After a brief hiatus, today’s problem is Problem 2 from the Spring 2009 UCLA Analysis Qual:

Let $H$ be an infinite-dimensional real Hilbert space.

a) Prove that the unit sphere of $H$ is weakly dense in the unit ball of $H.$

b) Prove that there exists a sequence of bounded linear operators $T_n$ on $H$ such that $\|T_n\|=1$ for all $n$ but $T_n(x) \to 0$ for all $x \in H.$

Solution: a) I claim that in any infinite-dimensional normed space $X,$ the weak closure of the unit sphere $\overline{S^w}$ is the closed unit ball $B$ in $H.$ Indeed, one inclusion is clear – since a convex set is closed if and only if it is weakly closed, $B$ is weakly closed, and so $\overline{S^w} \subseteq B.$ Conversely, recall that the weak topology is the coarsest topology on $H,$ such that the linear functional evaluation maps $x \to \phi(x) = \langle x, \phi \rangle$ are continuous. Thus, the basic open neighborhoods in the weak topology of some $x \in H$ are the sets $U=\{y \in H: \langle y-x, \phi_i \rangle < \epsilon, i=1,...,n\}.$ For $x \in B,$ note that $y-x \in \bigcap_{i=1}^n \ker \phi_i,$ and since kernels of linear functionals have finite codimension and $X$ is infinite-dimensional, the intersection of the kernels is infinite-dimensional and therefore contains a line $L=\{tv: t \in \mathbb{R}, v \in X\}$ through the origin. In particular, since $\|x\| \leq 1,$ if $y-x \in L,$ so $y = x+L$ intersects $S$ (since for $t=0$ one has $\|y\| \leq 1$ and for $t$ large $\|y\| \to \infty.$ ) Thus, any basic open neighborhood of $x \in B$ intersects $S,$ i.e. $S$ is weakly dense in $B.$ Along with the other inclusion, it follows that $\overline{S^w}=B.$

b) Note that since $H$ is reflexive, the weak topology on the unit ball is metrizable. In particular, let $x_n \in S$ be a sequence of unit vectors converging weakly to 0, and define $T_n: H \to H$ by $T_n x= \langle x,x_n\rangle x_n.$ Then, $T_n x \to 0$ for all $x \in H$ since $x_n \rightharpoonup 0,$ but $\|T_n x \| \leq \|x\|$ and $\|T_n x_n\| = \|x_n\|=1,$ i.e. $\|T_n\|=1.$ Thus, $T_n$ satisfies the necessary properties.

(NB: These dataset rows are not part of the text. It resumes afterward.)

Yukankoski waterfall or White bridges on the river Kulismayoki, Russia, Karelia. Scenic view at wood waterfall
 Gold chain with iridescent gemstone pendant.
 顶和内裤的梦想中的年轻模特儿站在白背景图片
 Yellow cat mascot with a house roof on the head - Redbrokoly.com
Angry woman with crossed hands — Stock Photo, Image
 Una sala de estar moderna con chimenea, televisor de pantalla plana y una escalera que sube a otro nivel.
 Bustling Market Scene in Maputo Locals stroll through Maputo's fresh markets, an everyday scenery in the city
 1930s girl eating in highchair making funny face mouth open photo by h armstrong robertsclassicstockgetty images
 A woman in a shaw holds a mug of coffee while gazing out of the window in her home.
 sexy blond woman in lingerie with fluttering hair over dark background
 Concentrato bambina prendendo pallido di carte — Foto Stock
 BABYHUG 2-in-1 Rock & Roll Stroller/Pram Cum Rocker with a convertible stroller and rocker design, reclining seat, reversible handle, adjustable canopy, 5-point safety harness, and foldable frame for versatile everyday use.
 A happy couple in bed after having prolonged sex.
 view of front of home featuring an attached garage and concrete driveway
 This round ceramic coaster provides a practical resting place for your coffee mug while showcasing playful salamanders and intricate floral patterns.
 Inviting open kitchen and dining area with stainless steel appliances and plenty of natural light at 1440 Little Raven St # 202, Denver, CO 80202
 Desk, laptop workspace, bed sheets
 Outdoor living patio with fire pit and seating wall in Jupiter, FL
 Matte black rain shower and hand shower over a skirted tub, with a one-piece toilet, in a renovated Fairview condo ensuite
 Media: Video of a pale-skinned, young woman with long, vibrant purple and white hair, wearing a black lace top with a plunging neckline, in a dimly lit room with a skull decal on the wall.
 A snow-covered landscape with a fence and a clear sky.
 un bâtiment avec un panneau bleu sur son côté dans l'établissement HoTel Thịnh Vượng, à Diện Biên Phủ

Remark: A general topological fact is that a closed set in a second-countable space is sequentially closed. Conversely, a convex weakly sequentially closed set in a Banach space is weakly closed. One can also show that if $X^*$ is separable, then $0$ is in the weak sequential closure of the unit sphere. On the other hand, if $X^*$ is not separable, as in the case of $(l^1)^*=l^\infty,$ since the weak and norm topology on $l^1$ coincide, the unit sphere is closed and therefore weakly sequentially closed, yet not weakly closed.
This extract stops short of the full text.